At a Senate hearing Tuesday, the Obama administration will offer proposals that its says will improve the workers’ compensation program for federal employees.

At least one federal labor union begs to differ with that interpretation.

First, some definitions. OWCP is the Labor Department’s Office of Workers’ Compensation Programs, which administers FECA, the Federal Employees' Compensation Act.

“This critical program has not been significantly updated in almost 40 years, and I think it deserves a closer look,” said Sen. Daniel K. Akaka (D-Hawaii), chairman of the Senate subcommitee on the federal workforce. 

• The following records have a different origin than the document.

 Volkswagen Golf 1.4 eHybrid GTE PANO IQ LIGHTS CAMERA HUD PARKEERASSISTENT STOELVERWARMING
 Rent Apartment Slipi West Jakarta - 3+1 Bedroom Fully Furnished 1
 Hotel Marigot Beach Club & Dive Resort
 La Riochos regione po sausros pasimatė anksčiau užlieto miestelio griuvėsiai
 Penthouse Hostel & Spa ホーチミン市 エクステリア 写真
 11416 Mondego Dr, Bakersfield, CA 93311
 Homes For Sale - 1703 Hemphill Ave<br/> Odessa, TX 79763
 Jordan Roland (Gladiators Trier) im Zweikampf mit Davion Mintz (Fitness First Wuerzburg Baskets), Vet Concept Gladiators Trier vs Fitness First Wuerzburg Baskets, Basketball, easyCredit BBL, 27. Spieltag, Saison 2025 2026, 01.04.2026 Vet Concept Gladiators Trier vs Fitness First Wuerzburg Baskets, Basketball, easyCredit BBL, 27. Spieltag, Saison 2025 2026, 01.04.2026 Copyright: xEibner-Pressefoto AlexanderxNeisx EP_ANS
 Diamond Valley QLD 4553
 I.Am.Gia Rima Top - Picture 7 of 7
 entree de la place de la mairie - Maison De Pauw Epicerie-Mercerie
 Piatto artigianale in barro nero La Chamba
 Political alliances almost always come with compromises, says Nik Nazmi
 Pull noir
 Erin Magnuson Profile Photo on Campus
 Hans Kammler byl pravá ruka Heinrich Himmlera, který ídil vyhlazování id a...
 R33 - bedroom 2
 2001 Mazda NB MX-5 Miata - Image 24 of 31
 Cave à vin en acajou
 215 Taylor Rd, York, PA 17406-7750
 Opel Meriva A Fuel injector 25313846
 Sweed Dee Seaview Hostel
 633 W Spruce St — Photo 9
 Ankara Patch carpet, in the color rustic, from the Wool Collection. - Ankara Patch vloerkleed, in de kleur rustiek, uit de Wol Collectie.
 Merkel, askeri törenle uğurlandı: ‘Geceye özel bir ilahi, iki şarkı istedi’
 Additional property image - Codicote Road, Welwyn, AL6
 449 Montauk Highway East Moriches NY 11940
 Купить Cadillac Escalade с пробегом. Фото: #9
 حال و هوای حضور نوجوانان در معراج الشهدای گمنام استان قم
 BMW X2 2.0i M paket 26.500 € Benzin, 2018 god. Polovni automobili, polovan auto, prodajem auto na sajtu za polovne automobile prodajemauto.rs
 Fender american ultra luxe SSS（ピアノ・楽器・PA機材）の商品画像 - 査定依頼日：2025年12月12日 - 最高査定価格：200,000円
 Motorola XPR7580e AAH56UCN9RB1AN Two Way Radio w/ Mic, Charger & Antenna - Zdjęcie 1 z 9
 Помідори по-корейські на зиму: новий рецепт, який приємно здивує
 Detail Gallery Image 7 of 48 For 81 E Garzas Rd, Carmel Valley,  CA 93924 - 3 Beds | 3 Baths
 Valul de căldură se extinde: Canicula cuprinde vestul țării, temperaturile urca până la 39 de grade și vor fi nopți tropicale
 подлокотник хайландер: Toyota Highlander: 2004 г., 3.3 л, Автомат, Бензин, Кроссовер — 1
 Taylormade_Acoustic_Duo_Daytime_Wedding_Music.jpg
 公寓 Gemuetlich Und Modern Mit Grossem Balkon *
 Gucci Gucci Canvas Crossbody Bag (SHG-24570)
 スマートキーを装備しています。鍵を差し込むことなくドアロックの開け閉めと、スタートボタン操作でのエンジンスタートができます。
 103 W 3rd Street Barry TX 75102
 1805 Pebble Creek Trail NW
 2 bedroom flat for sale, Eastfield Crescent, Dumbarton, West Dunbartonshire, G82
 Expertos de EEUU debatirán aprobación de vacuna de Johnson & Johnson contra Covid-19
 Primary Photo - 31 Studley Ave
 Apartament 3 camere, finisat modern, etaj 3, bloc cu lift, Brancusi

In a statement prepared for the subcommittee’s hearing Tuesday, Gary Steinberg, acting director of the Labor Department office, says: “The proposal that we have crafted for consideration would provide OWCP with enhanced opportunities to facilitate rehabilitation and return-to-work while simultaneously addressing several disincentives that may impact timely return to work by applying a new set of benefit rates prospectively to new injuries and new claims for disability occurring after enactment of the FECA amendments.”

One proposal would establish a 70 percent benefit level for all recipients. Currently, employees with dependents get 75 percent of their pay; those without dependents get 66.7 percent. The 75 percent level often exceeds the employee’s take-home pay before he or she was injured, which Steinberg says is a big disincentive to returning to work.

In a prepared statement submitted to the panel, Ron Watson, representing the National Association of Letter Carriers, says the administration’s position is “based on an over-simplified view of the matter” and is at odds with the union’s experience.

Watson said “the problem is that hundreds, even thousands, of injured workers who are able, willing and eager to return to work are not being allowed to do so.”

Postal Service policy, he said, prevents many injured workers from doing limited-duty jobs even though they are able to perform those tasks and want to do them.

The hearing was scheduled to begin at 2 p.m. Live video is planned for the subcommittee’s Web site.